The report also recommends spending more money for inner-city school districts while reducing factors that favor smaller districts.
Cox, who a week ago indicated the report's importance in shaping this year's legislative session, said additional money also could be used to bolster teacher salaries, which would greatly aid in staff recruitment and retention.
"How many bilingual teachers or special education teachers are there around?" he said. "How many have the patience to stay with it?"
In Basehor-Linwood -- where bilingual studies and special education isn't a glaring need -- administrators contend that additional money would help improve teacher salaries, which is among the districts top four priorities. A first-year teacher in Basehor-Linwood makes far less than a new teacher in other districts, Swartz said.
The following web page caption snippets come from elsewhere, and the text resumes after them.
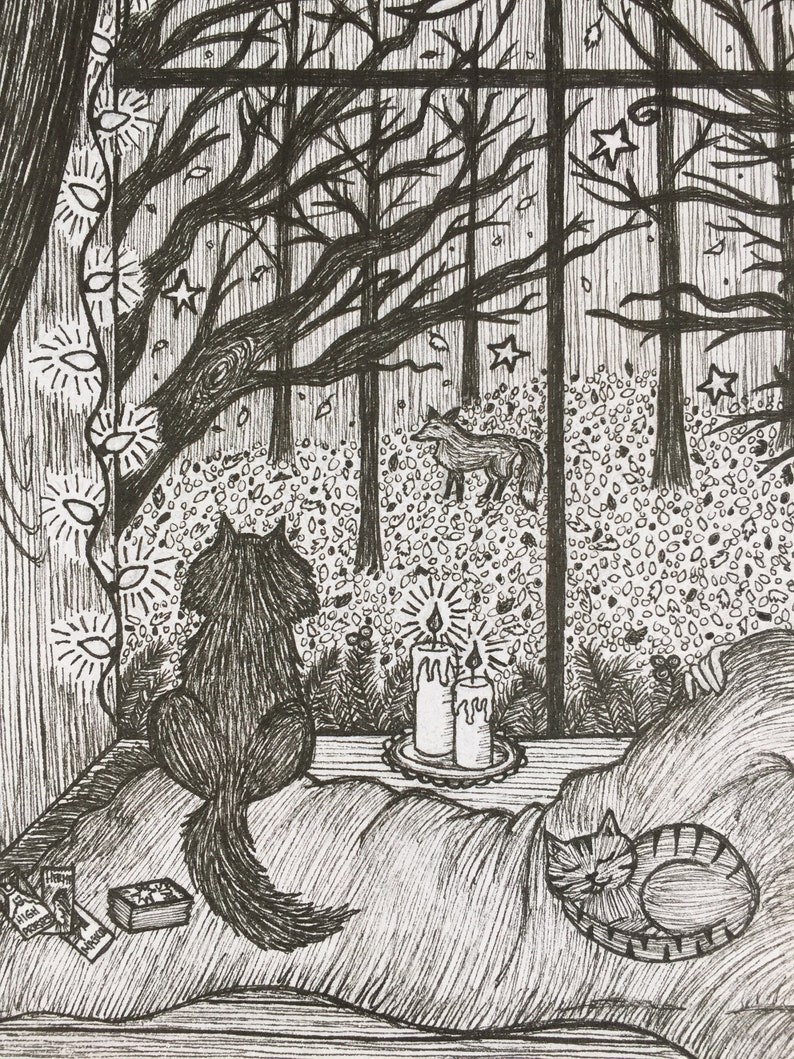 November's Sanctuary Pen & Ink Print 8x10 Wiccan Art Witch Artwork Cat Fox Autumn Fall Halloween Samhain Pagan Drawing Fine Art Print image 3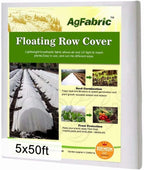Agfabric Plant Covers Freeze Protection 5'x50' 0.55oz Frost Blankets for Plants Drawstring Bags Shrub Blanket,White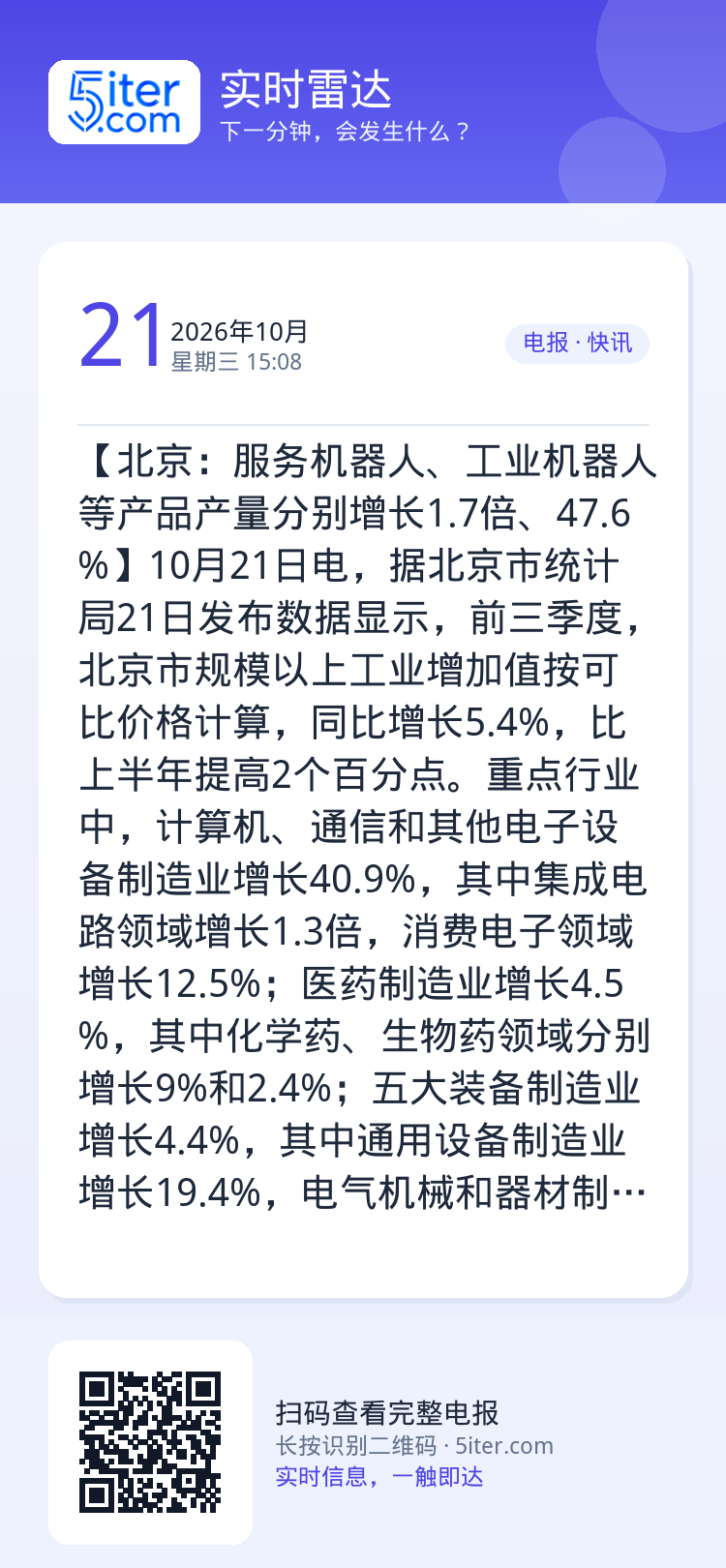 【北京：服务机器人、工业机器人等产品产量分别增长1.7倍、47.6%】10月21日电，据北京市统计局21日发布数据显示，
"We are as much as $5,000 behind other districts in beginning teacher pay," he said.
The school district, which received excellence marks in 13 of 18 areas on the latest Kansas assessments, also could use the additional money to keep pace with the No Child Left Behind Act, an unfunded federal mandate.
Under the act, schools that do not meet progress standards are subject to sanctions. And since implementation of No Child Left Behind, the school district has attempted to meet provisions by revising core subjects such as math, science and reading.
The revisions, which include purchasing new equipment and textbooks for kindergarten through 12th grade students, can cost between $100,000 to $200,000, school officials said.
"That's a high-dollar deal," Swartz said. "And you can't be behind on those."
Some observers believe the post audit report will make expanded gambling attractive to lawmakers as they attempt to find more money for schools without raising taxes. Cox, who's in favor of both gaming and more money for schools, said it's unclear what the outcome of Monday's report will be.
Thus far, it has divided pro-education legislators from fiscal hardliners and created a division among school districts.
"It's big districts versus small districts, west versus east," he said. "I hate to see that division. I'm not sure anybody knows how this is going to play out."